> _Work request_: With the images removed, return every line below exactly as it reads.

> _Provided material_:

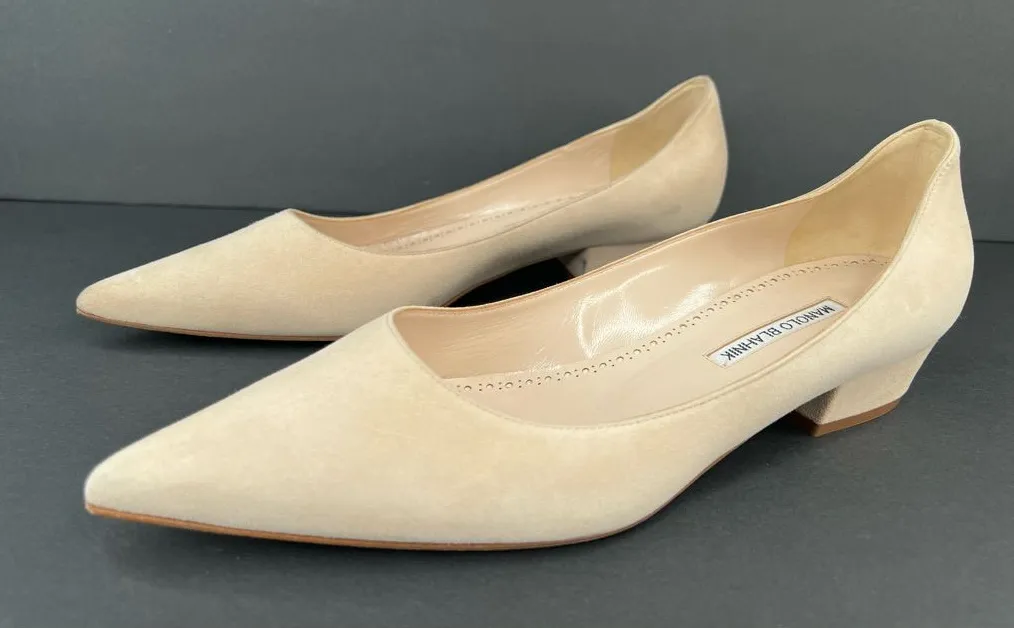 Manolo Blahnik Lista Beige Suede Low Block Heel Pointed Toe Pumps Size EU 40 - Image 1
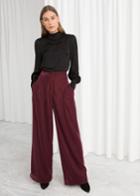 Other Stories High Waisted Velvet Trousers - Red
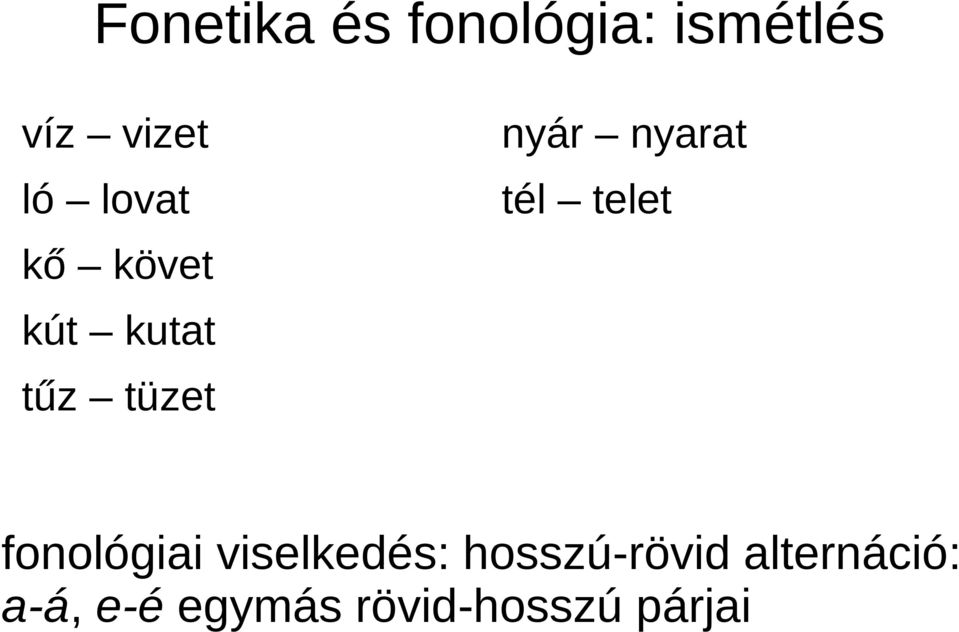 tél telet fonológiai viselkedés: hosszú-rövid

> _Solution to this task_:
 Manolo Blahnik Lista Beige Suede Low Block Heel Pointed Toe Pumps Size EU 40 - Image 1
 Other Stories High Waisted Velvet Trousers - Red
 tél telet fonológiai viselkedés: hosszú-rövid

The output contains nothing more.